Friday, November 10, 2006

Zerbombt

08/11/2006, Blasted by Sarah Kane, Directed by Thomas Ostermeier.

Blasted, the notorious play that received the most belligerent reviews after its 1995 London premiere, and is rarely revived, is undoubtfully everlasting. Having as impetus the civil war in Bosnia Kane brings this war into a Leeds hotel room and engages with the absurdity and decadence of war puttting forward questions such as if there is a God and what constitutes human ethics. Cannibalism, sodomism and violation of the body onstage did not affect me as much as the visualisation of the atrocities of war that are narrated by the soldier to Ian; pure sickness
and claustrophobia. It rings a bell for all the bestialities we have heard of during the latest wars in Iraq, Afghanistan, former Yugoslavia...
That night a bomb had exploded in our minds and deprived us from the ability to utter a phrase that made sense.
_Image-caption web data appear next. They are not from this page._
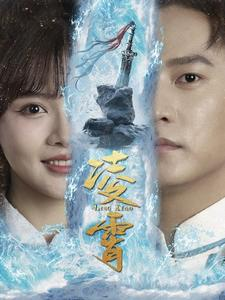 凌霄(100集) 凌霄(100集)热门了短剧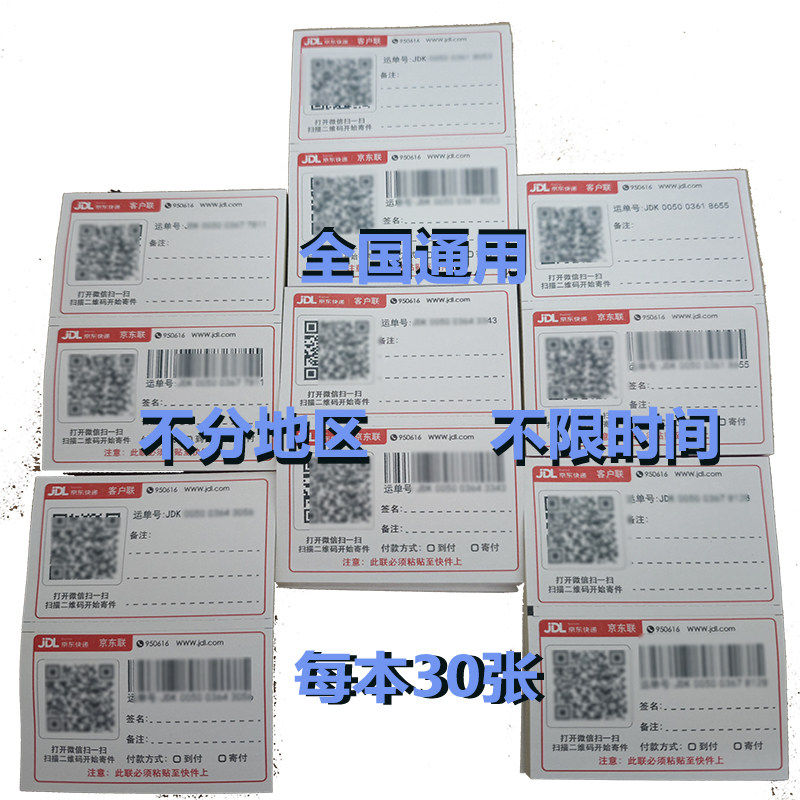 京东快递单京东扫码单寄件二维码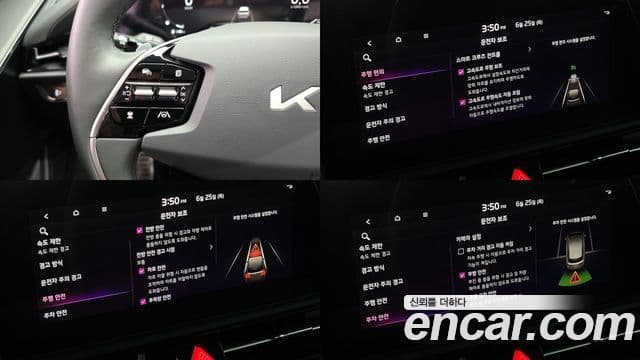 Kia Niro 2022 — Şəkil 19/20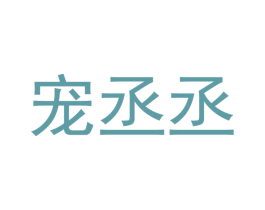宠丞丞 第16类办公工具商标图样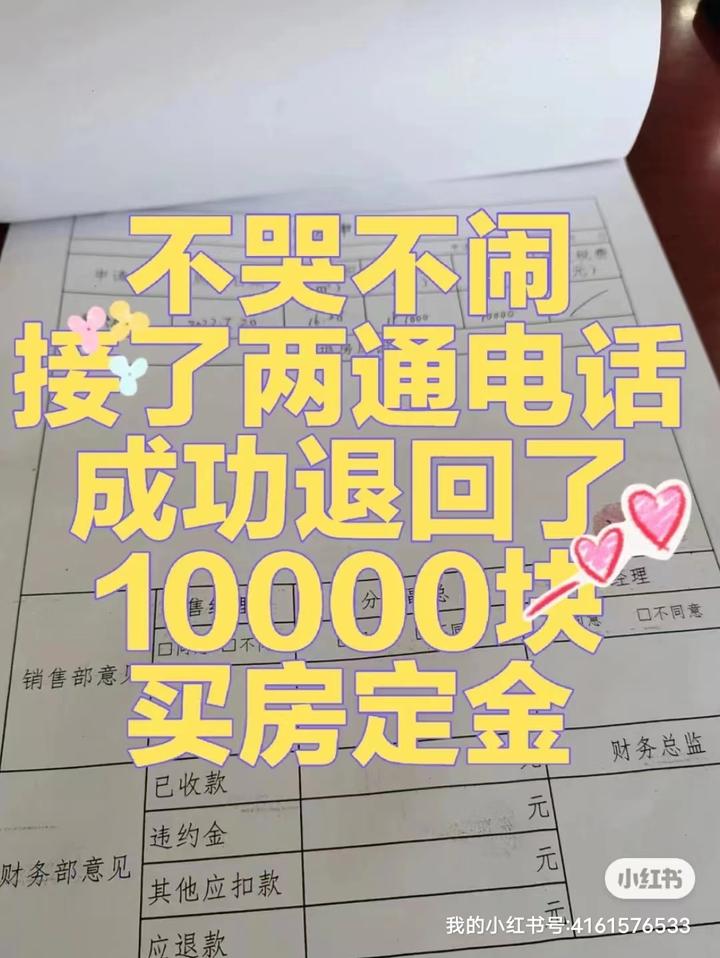 买房后悔如何退定金 退首付? - 知乎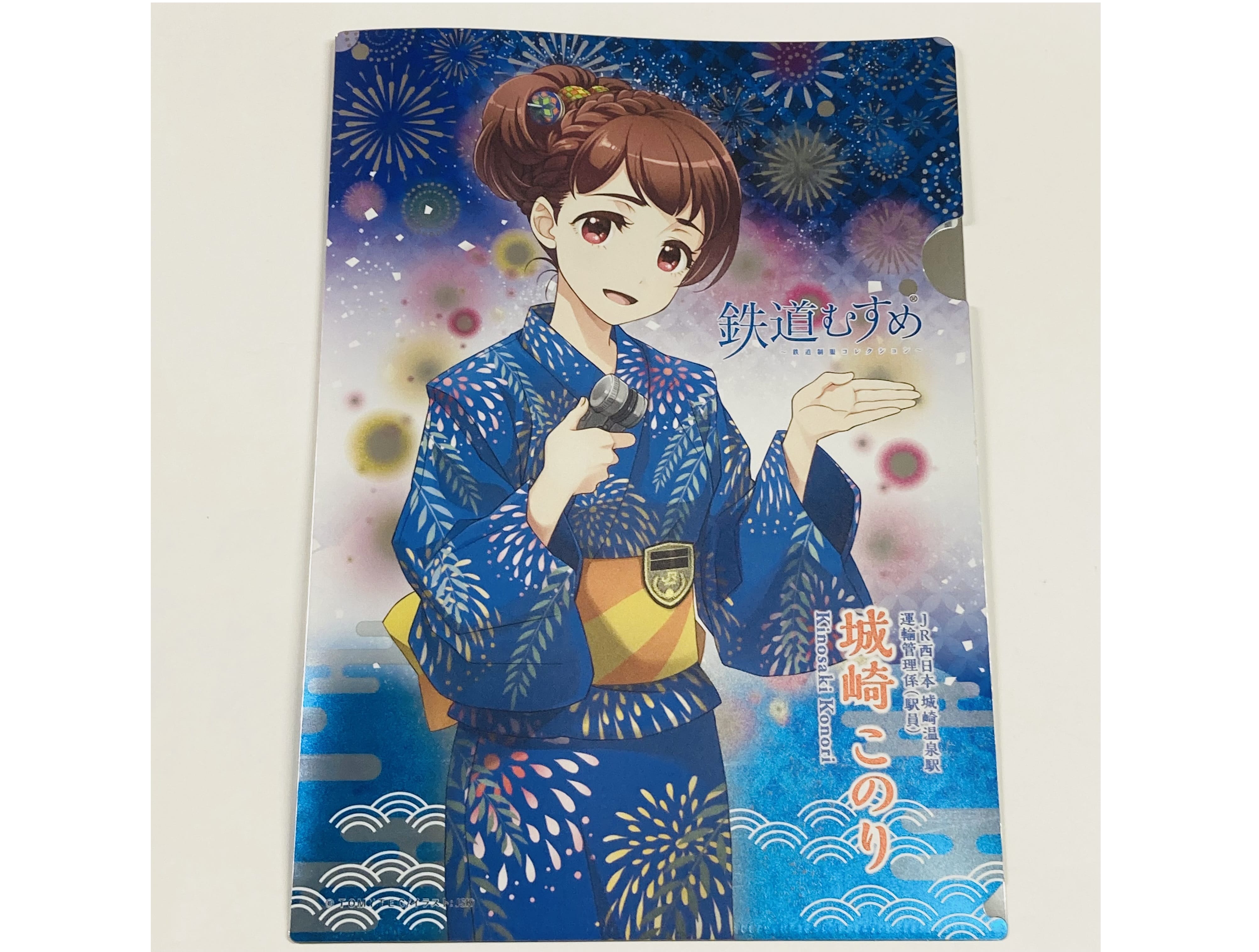 商品画像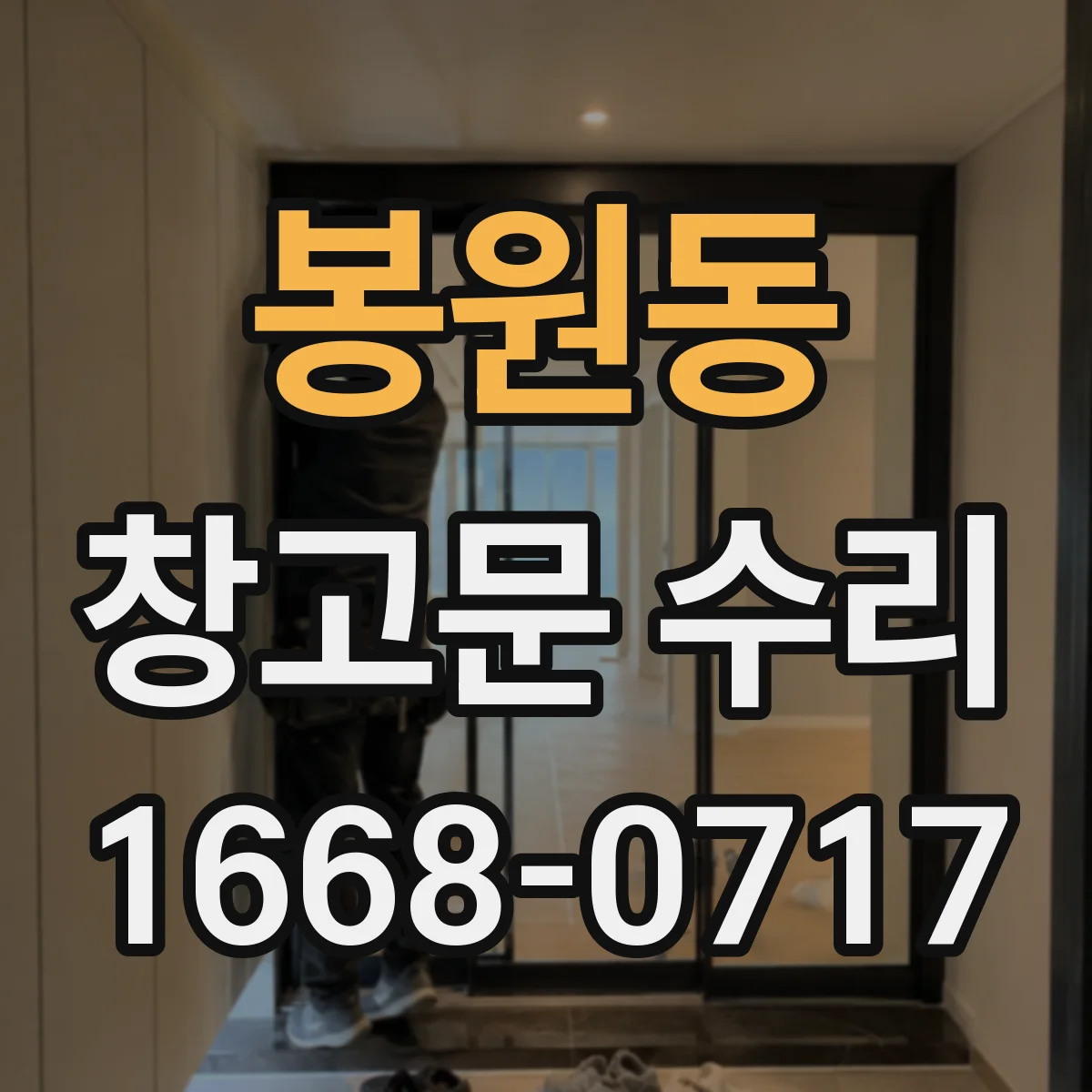봉원동 창고문 수리
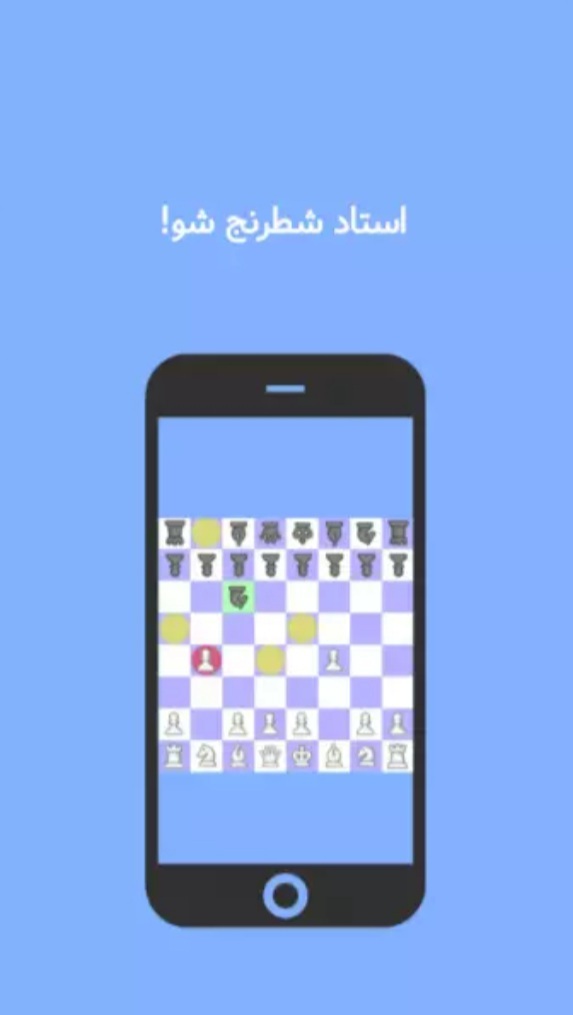اسکرین شات 4 بازی شطرنج آفلاین دونفره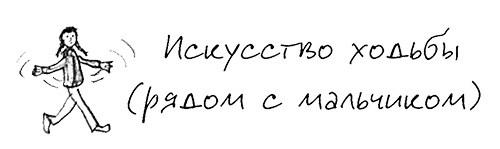 Привет, это я! Первый поцелуй Привет, это я! Первый поцелуй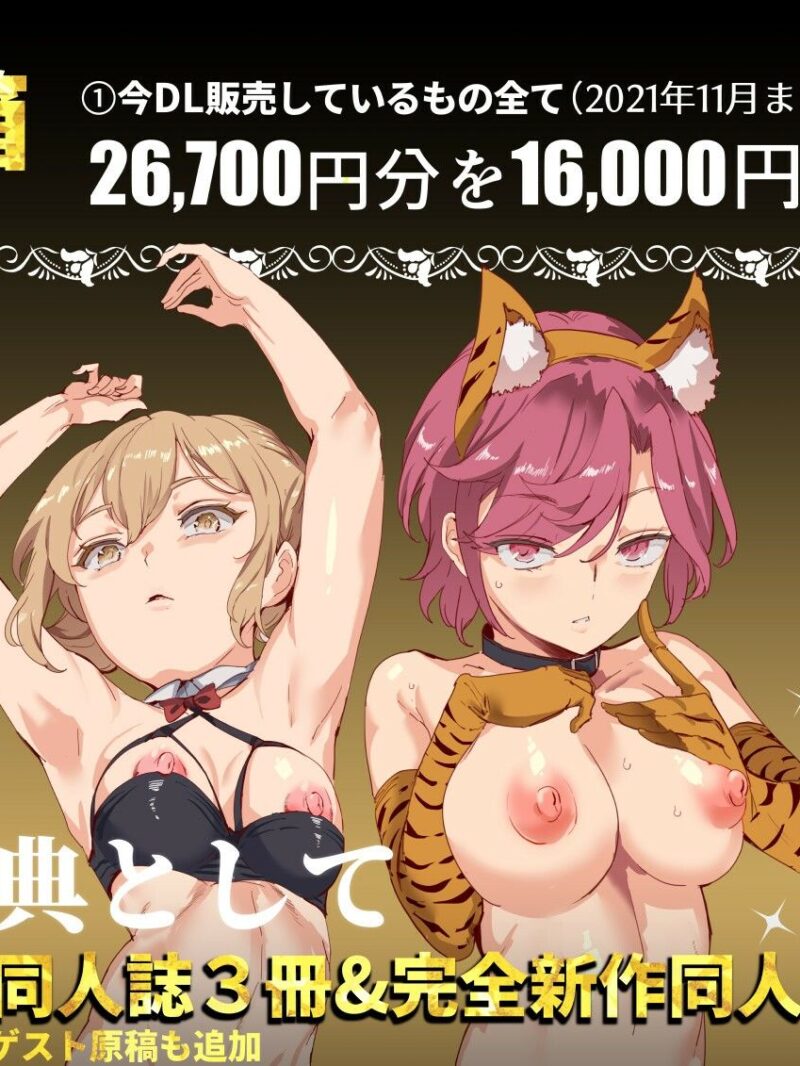 sample 3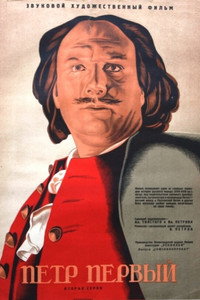 Постер фильма «Пётр Первый. Вторая серия (1938)» — (2 из 2)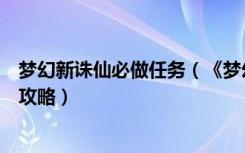 梦幻新诛仙必做任务（《梦幻诛仙》梦幻诛仙护送任务完成攻略）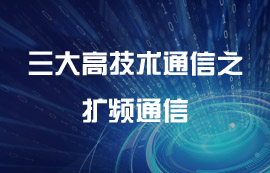 信息時代三大高技術(shù)通信之?dāng)U頻通信技術(shù)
In order to visualise read what my friend Andromeda has written about it.

2 comments:

TraumGeist said...

What a German week this has been... I was actually in the country so I missed this, but I wonder whether not speaking a language helps you to have a somehow deeper connection with a production. A few years back I saw The Country in Vienna before my German had improved. It was a strange experience and words felt even more physical...

Mia Wallace said...

To be honest, it didnt make much difference to me, apart from the fact that I had to read the surtitles. I was so into the performance that I felt it was speaking a universal language for me! And its rhythm was really real-life. It gave the play its full potential.